**Work order**
Your copy should begin with the line containing "Opportunities in Museum", end with the line containing "Cược Tổng Điểm mang lại cơ hội thắng lớn", match the listing below exactly, and contain no pictures.

**Task material**
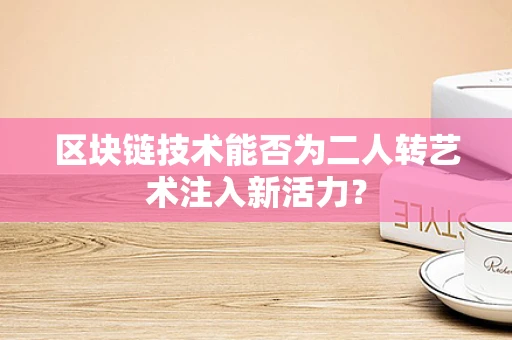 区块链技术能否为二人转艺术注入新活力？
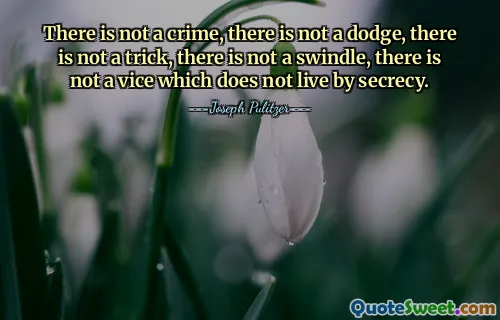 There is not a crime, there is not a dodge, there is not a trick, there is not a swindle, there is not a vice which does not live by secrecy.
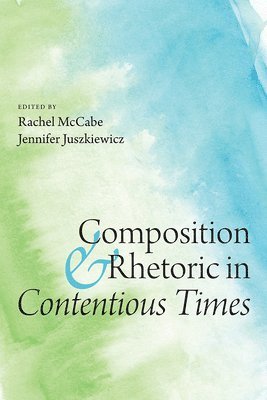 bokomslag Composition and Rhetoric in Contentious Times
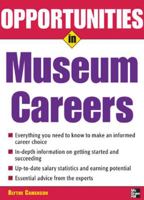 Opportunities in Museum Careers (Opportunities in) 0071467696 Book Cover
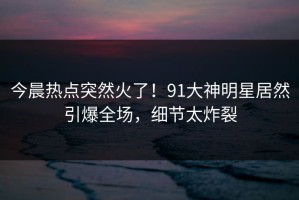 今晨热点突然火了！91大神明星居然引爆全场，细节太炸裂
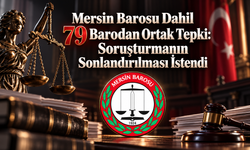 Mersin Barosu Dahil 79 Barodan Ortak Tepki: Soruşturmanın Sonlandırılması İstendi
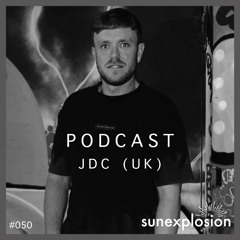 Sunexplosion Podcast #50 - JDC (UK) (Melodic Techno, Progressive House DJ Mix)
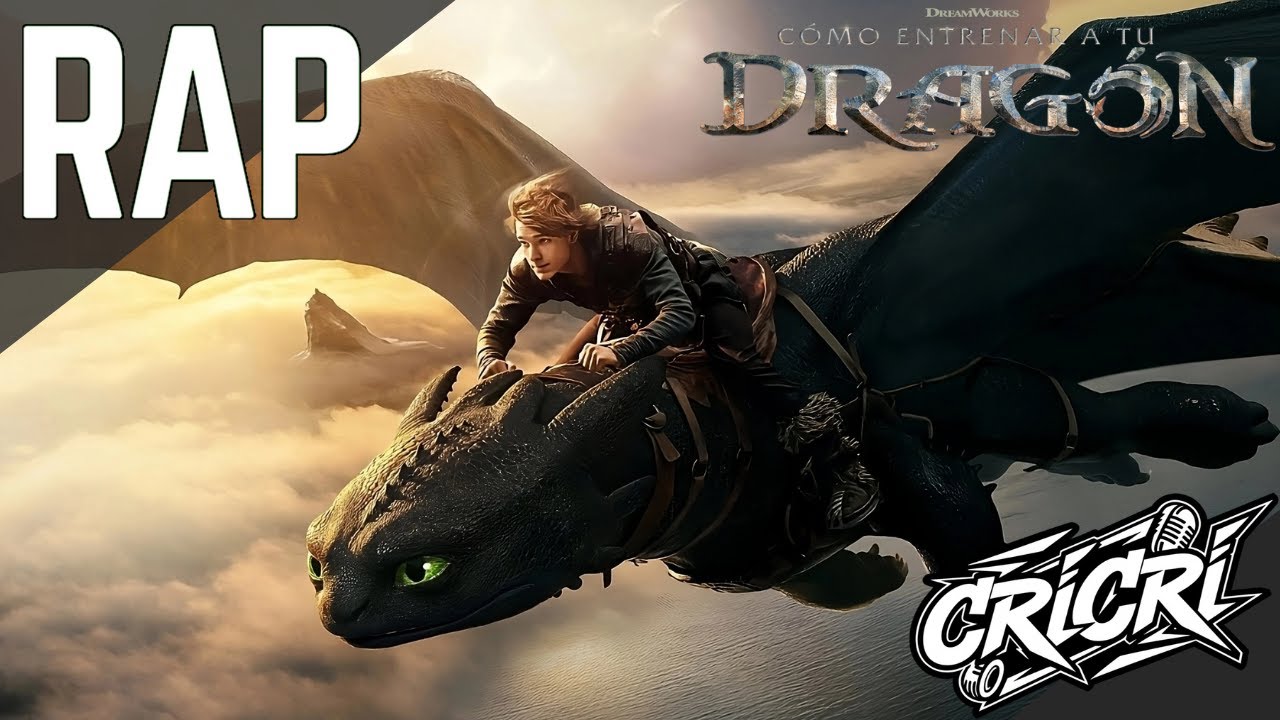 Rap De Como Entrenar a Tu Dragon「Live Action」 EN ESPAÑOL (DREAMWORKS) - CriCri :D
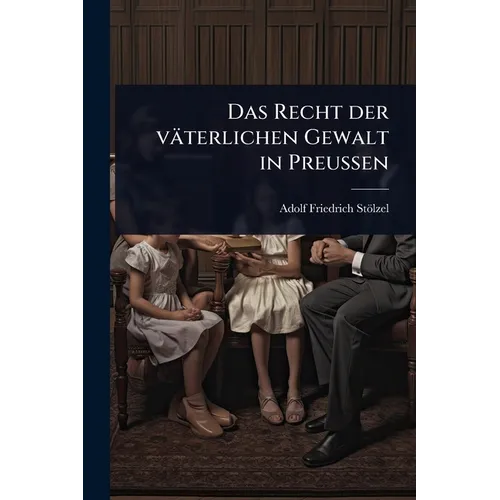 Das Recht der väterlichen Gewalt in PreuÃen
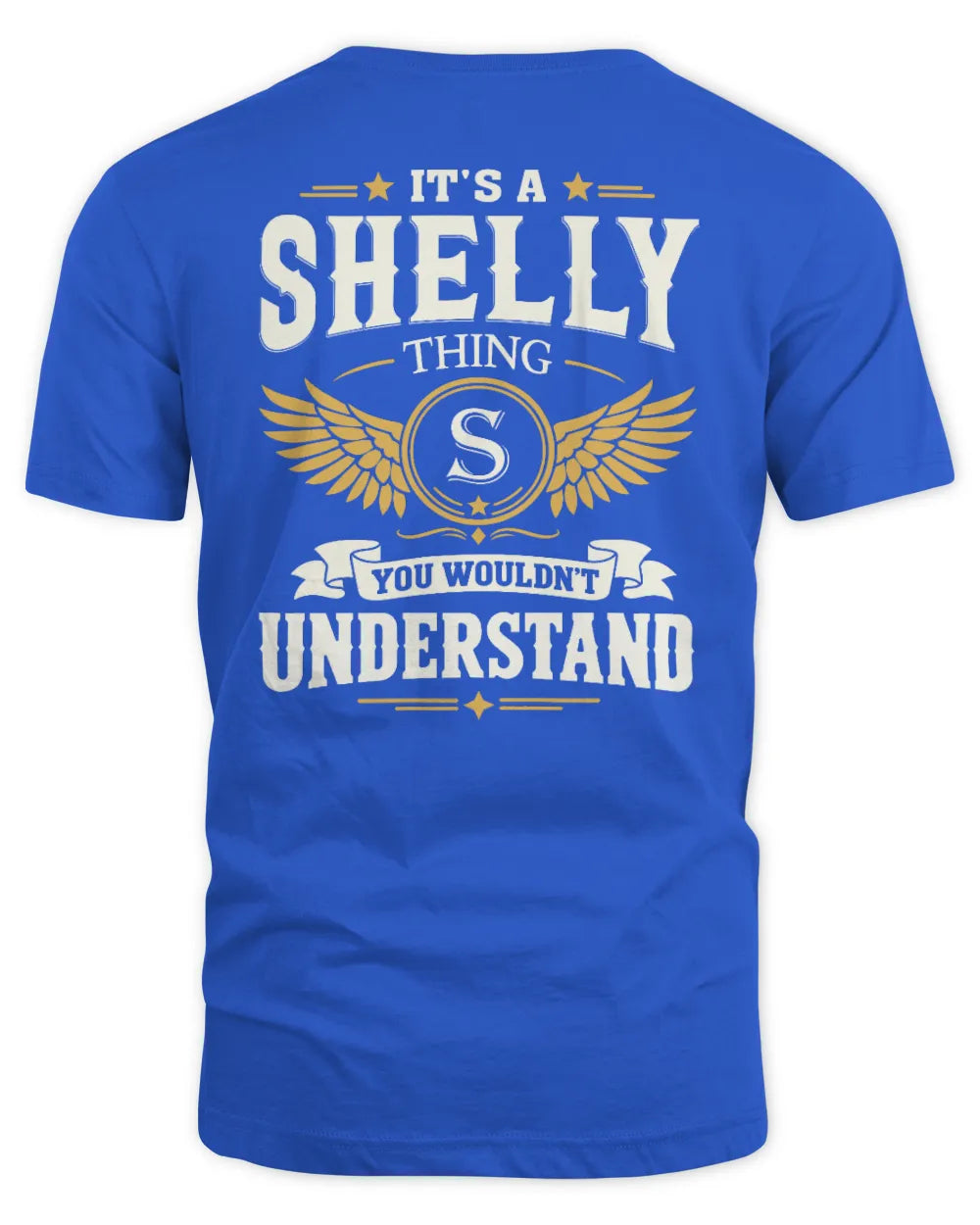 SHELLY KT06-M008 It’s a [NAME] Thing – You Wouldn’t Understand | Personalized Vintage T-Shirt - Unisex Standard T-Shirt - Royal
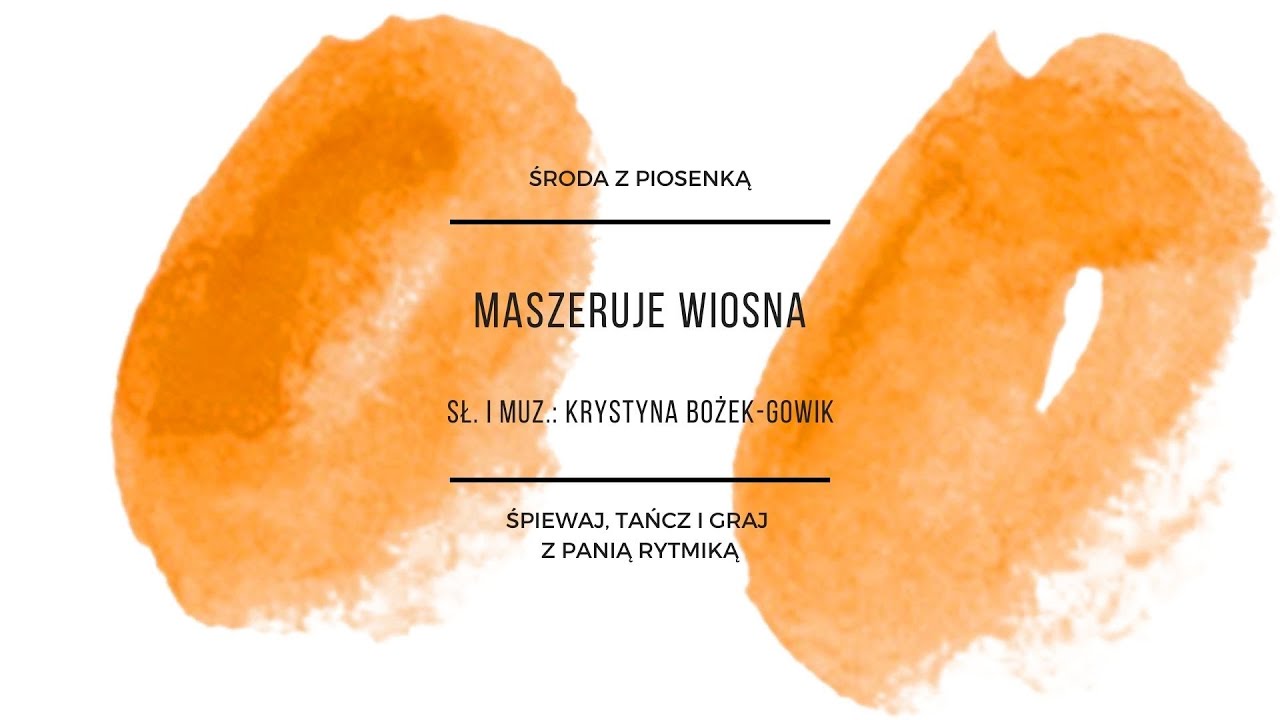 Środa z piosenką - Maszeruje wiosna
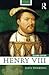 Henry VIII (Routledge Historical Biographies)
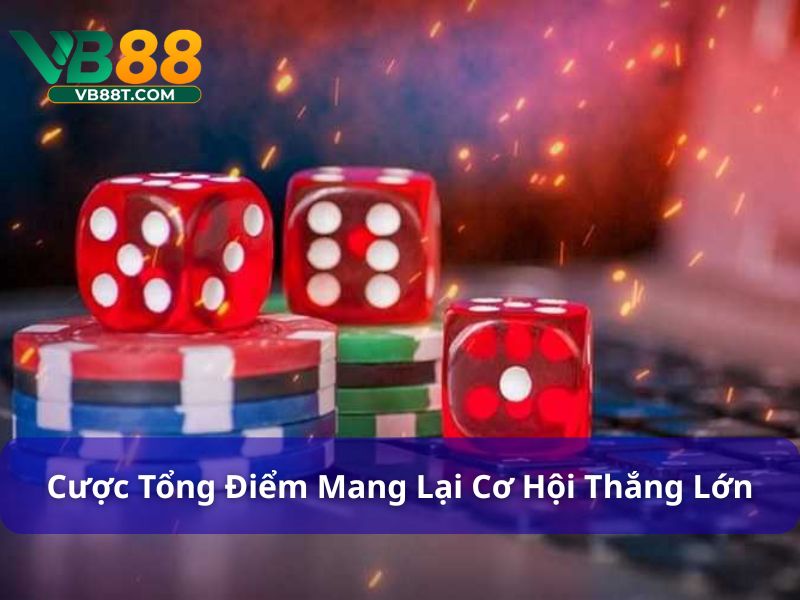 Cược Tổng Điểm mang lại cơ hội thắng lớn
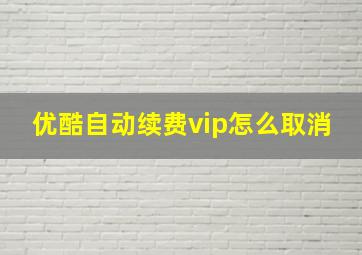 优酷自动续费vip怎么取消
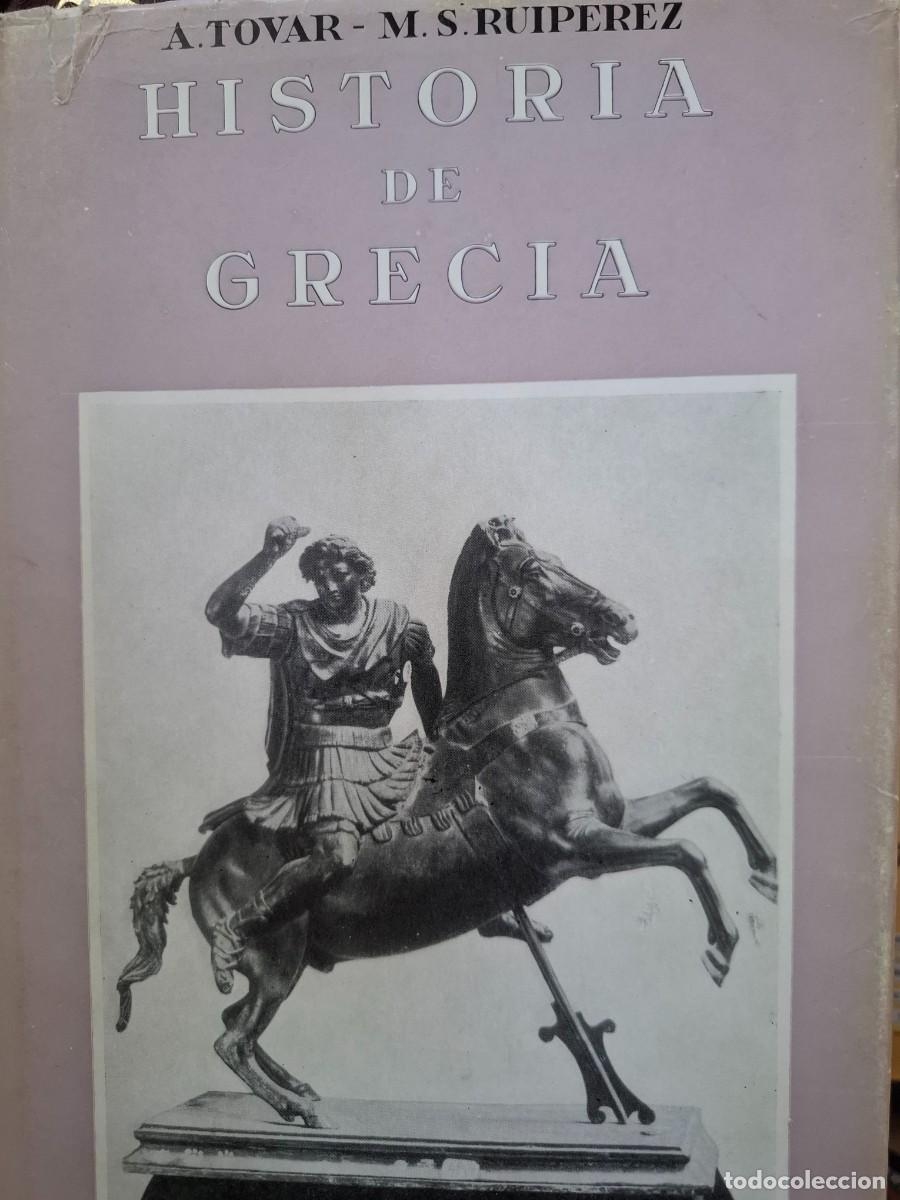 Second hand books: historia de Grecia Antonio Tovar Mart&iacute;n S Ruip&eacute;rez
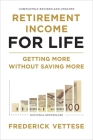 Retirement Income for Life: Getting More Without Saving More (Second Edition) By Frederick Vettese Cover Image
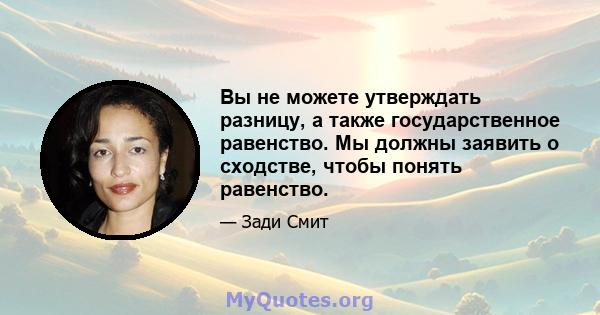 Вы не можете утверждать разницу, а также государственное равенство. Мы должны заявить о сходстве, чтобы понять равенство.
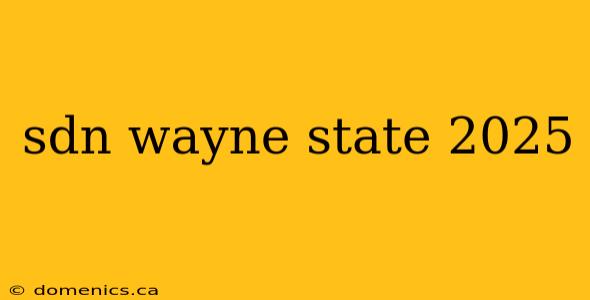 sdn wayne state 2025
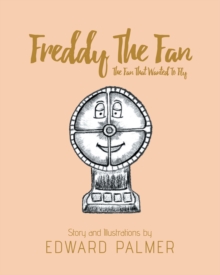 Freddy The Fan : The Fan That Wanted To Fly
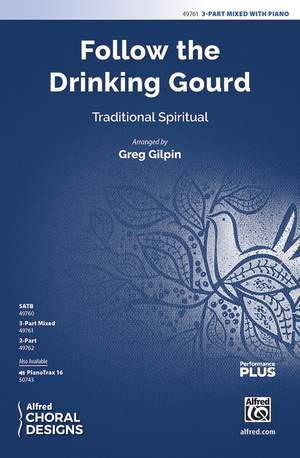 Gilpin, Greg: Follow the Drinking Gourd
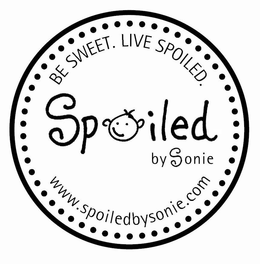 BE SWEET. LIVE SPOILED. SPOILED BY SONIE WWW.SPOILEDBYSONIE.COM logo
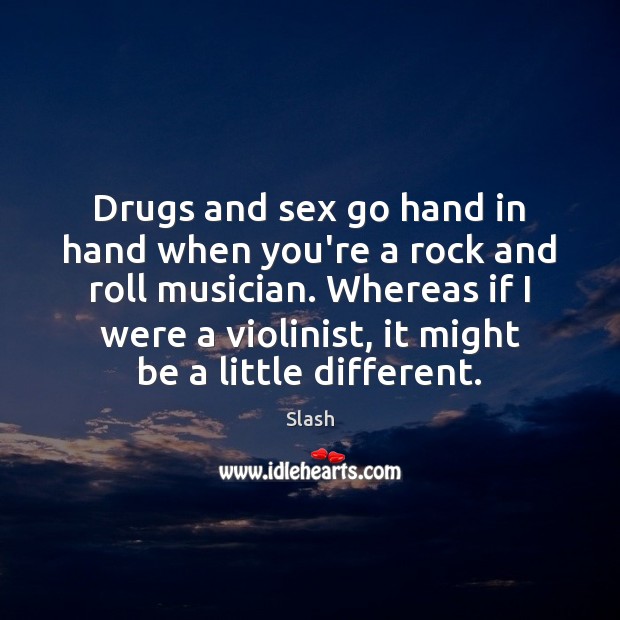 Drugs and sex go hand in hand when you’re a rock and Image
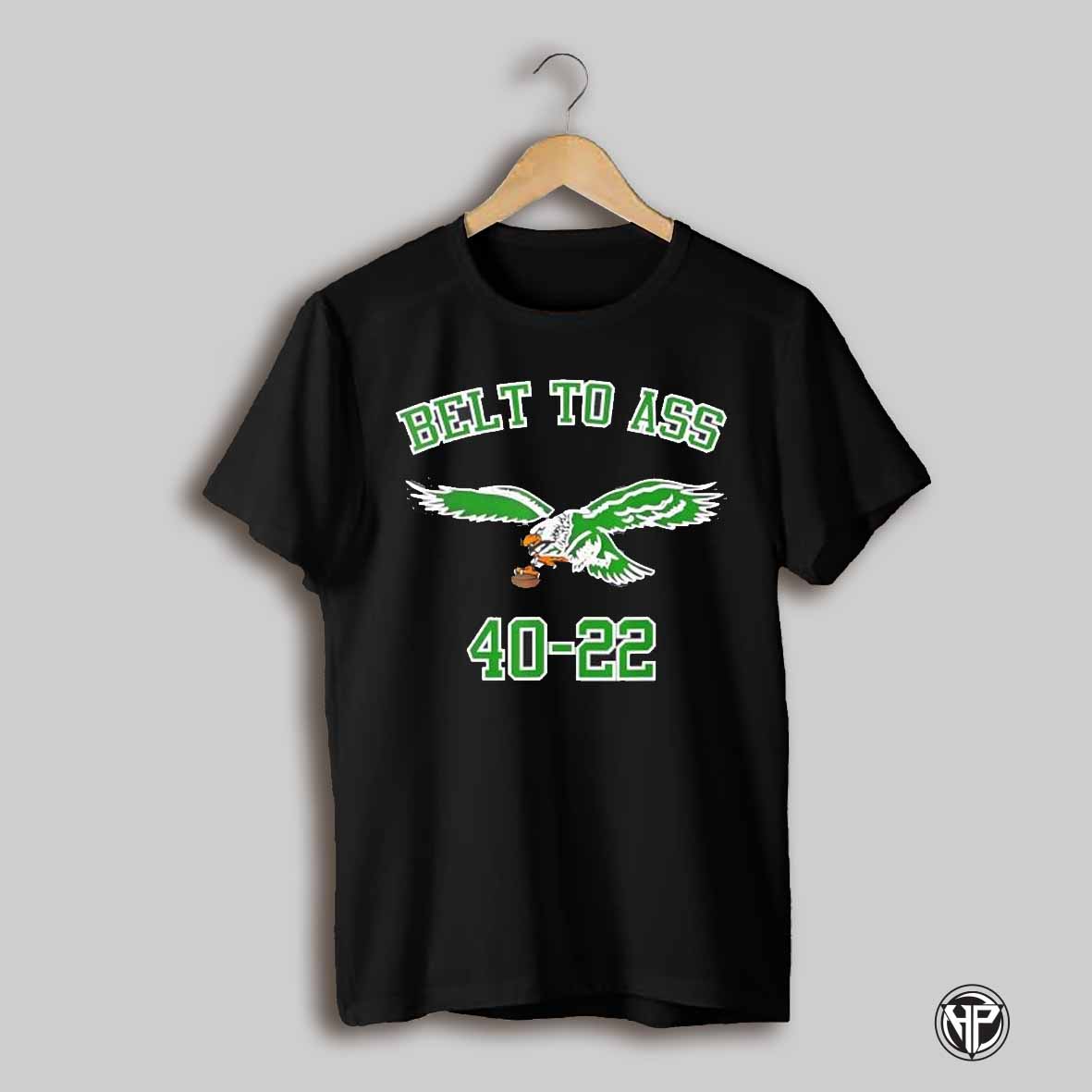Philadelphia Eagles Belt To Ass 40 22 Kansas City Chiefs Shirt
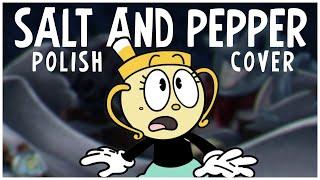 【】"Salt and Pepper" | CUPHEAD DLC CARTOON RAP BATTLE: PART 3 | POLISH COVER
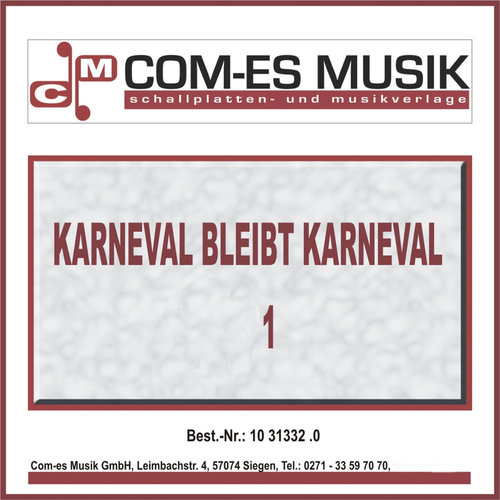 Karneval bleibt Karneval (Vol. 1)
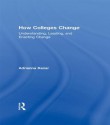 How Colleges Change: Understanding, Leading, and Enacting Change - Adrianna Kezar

**Solved exercise**
 Opportunities in Museum Careers (Opportunities in) 0071467696 Book Cover
 今晨热点突然火了！91大神明星居然引爆全场，细节太炸裂
 Mersin Barosu Dahil 79 Barodan Ortak Tepki: Soruşturmanın Sonlandırılması İstendi
 Sunexplosion Podcast #50 - JDC (UK) (Melodic Techno, Progressive House DJ Mix)
 Rap De Como Entrenar a Tu Dragon「Live Action」 EN ESPAÑOL (DREAMWORKS) - CriCri :D
 Das Recht der väterlichen Gewalt in PreuÃen
 SHELLY KT06-M008 It’s a [NAME] Thing – You Wouldn’t Understand | Personalized Vintage T-Shirt - Unisex Standard T-Shirt - Royal
 Środa z piosenką - Maszeruje wiosna
 Henry VIII (Routledge Historical Biographies)
 Cược Tổng Điểm mang lại cơ hội thắng lớn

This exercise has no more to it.